L'émerveillement m'accompagne, et la confiance. Je pense, en regardant les gens de ce pays, soldats dans les gares, paysans accoudés aux barrières, appuyés sur la bêche ou la faux: «Voici les miens, voici les nôtres. Il n'en est pas, parmi les êtres humains, qui nous ressemblent, même physiquement, davantage. Le soleil a bruni ceux-ci d'un hâle plus généreux; des farines et des vins sans fraude dotent leurs femmes d'un sein plus riche, leurs enfants d'un estomac, d'une dentition plus robustes; sauf cela, ils nous ressemblent. La proportion de leurs traits, le rythme de leurs corps nous sont, dès l'abord, familiers, pénétrables. Tout ici me préserve de l'angoisse inévitable qui m'attendait autrefois en Allemagne, au contact de l'animal humain prussien ou bavarois, d'un rose porcin, souvent prognathe, le nez court et la lèvre longue, avec de fortes pattes pesantes et lentes....»

Malgré la présence, dans les gares, des bersaglieri coiffés de plumes et des officiers réséda, j'emporte, de station en station, jusqu'au delà de Gênes, l'illusion de voyager dans un pays oublié par la guerre. Gênes, jaune sur un ciel boursouflé d'orages, regorge d'hommes jeunes, ouvriers, marchands, en costume civil. L'air est plein d'une active odeur de charbon, de goudron, de mer. Le train escalade, pour joindre le golfe, des jardins négligés, des églantiers rouges, jette ses escarbilles brûlantes sur des lauriers-roses. La mer, que nous longeons enfin, ne porte aucune trace des cruels conflits et baigne des villages couleur d'ocre, épanouis, toutes portes ouvertes et versant au flot un tribut florissant d'enfants nus qui jouent dans la vague....

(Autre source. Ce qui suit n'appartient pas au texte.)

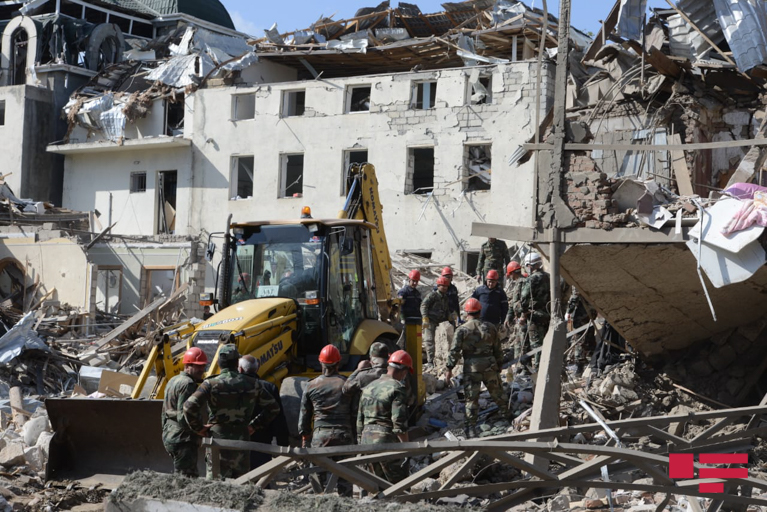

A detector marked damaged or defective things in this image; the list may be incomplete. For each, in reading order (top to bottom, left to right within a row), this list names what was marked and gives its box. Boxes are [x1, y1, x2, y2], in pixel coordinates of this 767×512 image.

broken window frame [231, 93, 258, 121]
broken window frame [282, 90, 306, 118]
broken window frame [346, 85, 374, 113]
broken window frame [414, 80, 438, 109]
broken window frame [468, 73, 492, 105]
damaged multi-story building [45, 0, 592, 286]
broken window frame [129, 174, 146, 194]
broken window frame [231, 156, 255, 202]
broken window frame [280, 152, 304, 198]
broken window frame [342, 150, 368, 196]
broken window frame [404, 148, 436, 198]
broken window frame [462, 142, 492, 192]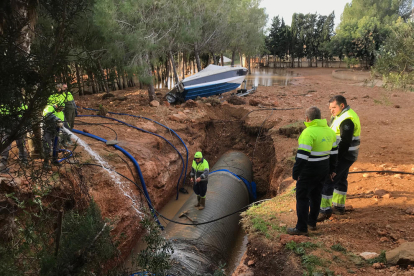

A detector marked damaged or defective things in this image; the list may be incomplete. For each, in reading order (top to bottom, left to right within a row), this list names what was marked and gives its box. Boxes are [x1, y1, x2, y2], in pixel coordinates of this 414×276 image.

pipe surface rust [166, 152, 252, 274]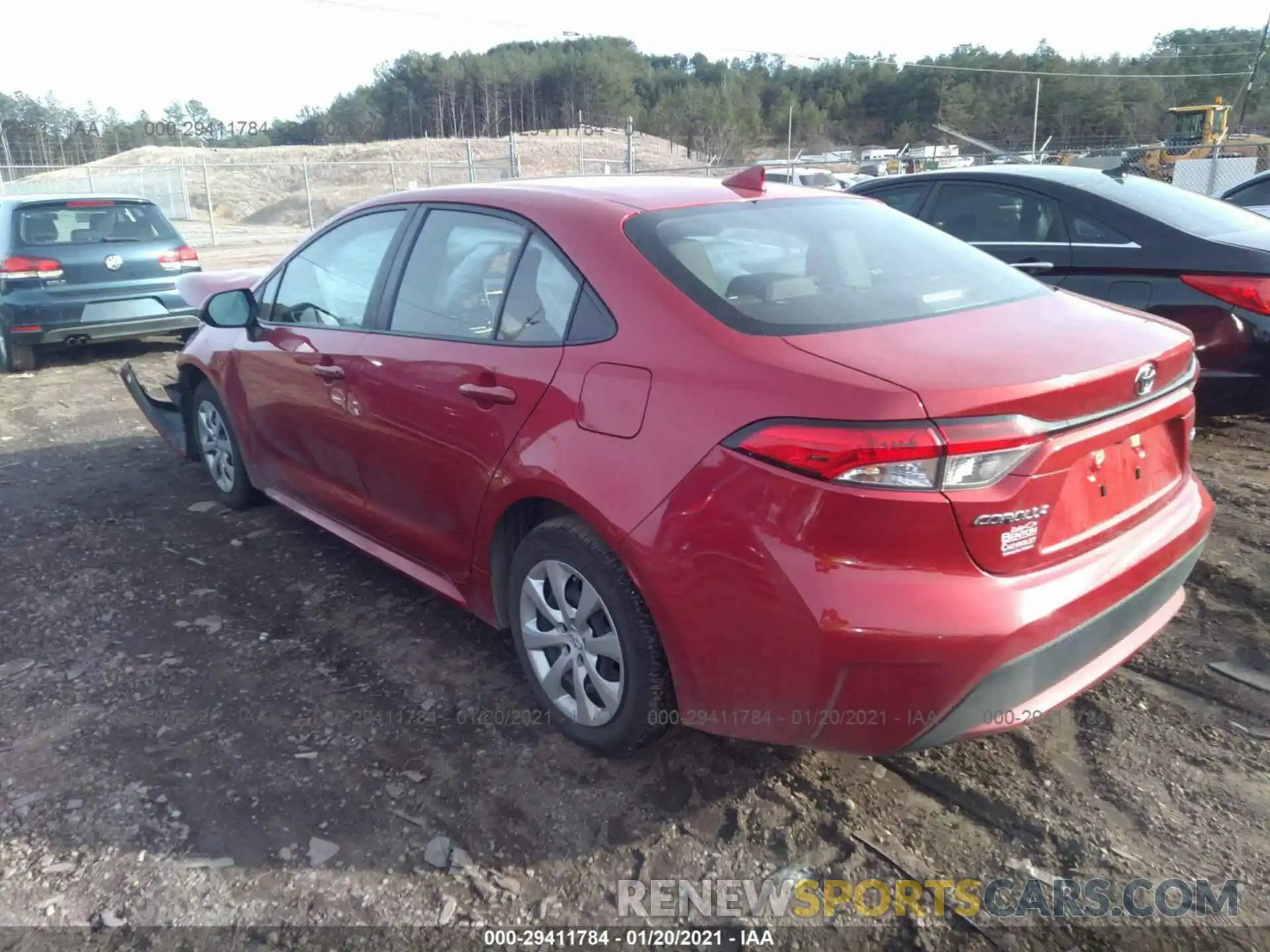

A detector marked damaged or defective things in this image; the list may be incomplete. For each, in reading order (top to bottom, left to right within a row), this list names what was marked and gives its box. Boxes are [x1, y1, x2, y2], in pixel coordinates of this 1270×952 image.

damaged front fender [118, 360, 190, 459]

Soudain, à la nuit tombante, près de Rapallo, notre train, ralenti, croise un autre train,—puis-je nommer ainsi ce long char débordant de rires, de chants, de frénétiques mandolines? Cette fusée de fête qui s'enfonce dans le crépuscule, c'est un départ de troupes italiennes. Oui, le «peuple de mandolinistes» s'en va en guerre! J'ai reconnu l'accent, l'ivresse, la guerrière insouciance de nos soldats. Ces rires, ces chants, c'était l'hymne de départ de nos chasseurs, de nos marins, de nos zouaves traversant Paris et sa banlieue, et jamais chanson d'Italie n'eut dans mon cœur un écho plus français.


La guerre, la guerre.... Des rencontres de trains militaires, les uniformes sur les voies, la variété des cartes postales et des emblèmes patriotiques vendus dans les gares m'ont ramenée à ce mal qui vit avec nous, auquel nous avons consenti tous ses droits et qui se nourrit de nous-mêmes. J'arrive à Rome: les roulements de tonnerre, de grêle, de pluie, mêlés d'éclairs de foudre et de soleil;—la guerre....

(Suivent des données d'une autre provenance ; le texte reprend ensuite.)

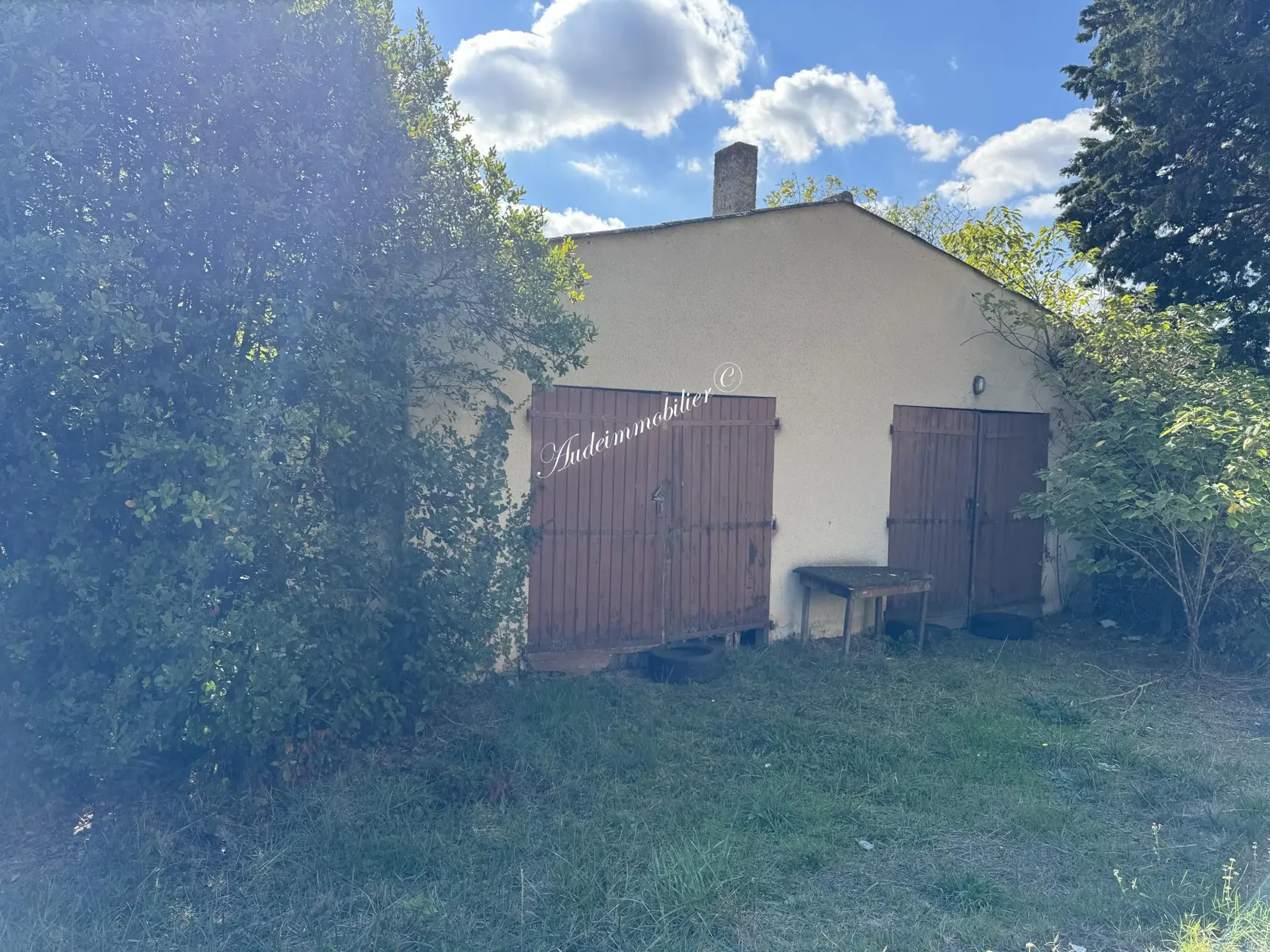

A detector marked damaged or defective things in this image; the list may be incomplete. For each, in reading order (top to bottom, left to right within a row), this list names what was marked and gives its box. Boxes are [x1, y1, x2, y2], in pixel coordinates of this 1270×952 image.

rusty metal table [792, 566, 935, 655]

—Est-ce que la guerre n'a rien changé à Rome? ne manqué-je point de demander, dès les premières heures, au comte Primoli.

—Certainement si, répondit-il avec une prudence romaine: la couleur des réverbères.

Pour faire tenir toute la vérité dans sa réplique, il eût pu ajouter: «et les chevaux des voitures de place». Rome, qui n'a point de troupes, connaît seulement le demi-silence, le vide d'une capitale en été. Elle subit, comme chaque année, ses matins brumeux qui obligent à l'oisiveté physique; une vague de feu abaisse, de huit heures à midi, les persiennes obliques. Puis l'air bouge un peu, annonçant le frais ponentino, la brise de trois heures; les magasins, fermés depuis midi, rouvrent leurs vitrines, la ville renaît, comme arrosée, sous un ciel presque blanc que l'incendie horizontal du couchant respecte. Le soir infuse aux colonnades blondes, au travertin fauve des palais, un sang plus rose. Le long jour d'été tarde ici plus qu'ailleurs à s'éteindre, semble-t-il, et neuf heures ont sonné que je vois distinctement, sur un éther laiteux et sans lune, la forme babélique du château Saint-Ange, et, sur le pont, les saints théâtraux, les draperies pleines d'un souffle inutile, qu'y a dressés le Bernin.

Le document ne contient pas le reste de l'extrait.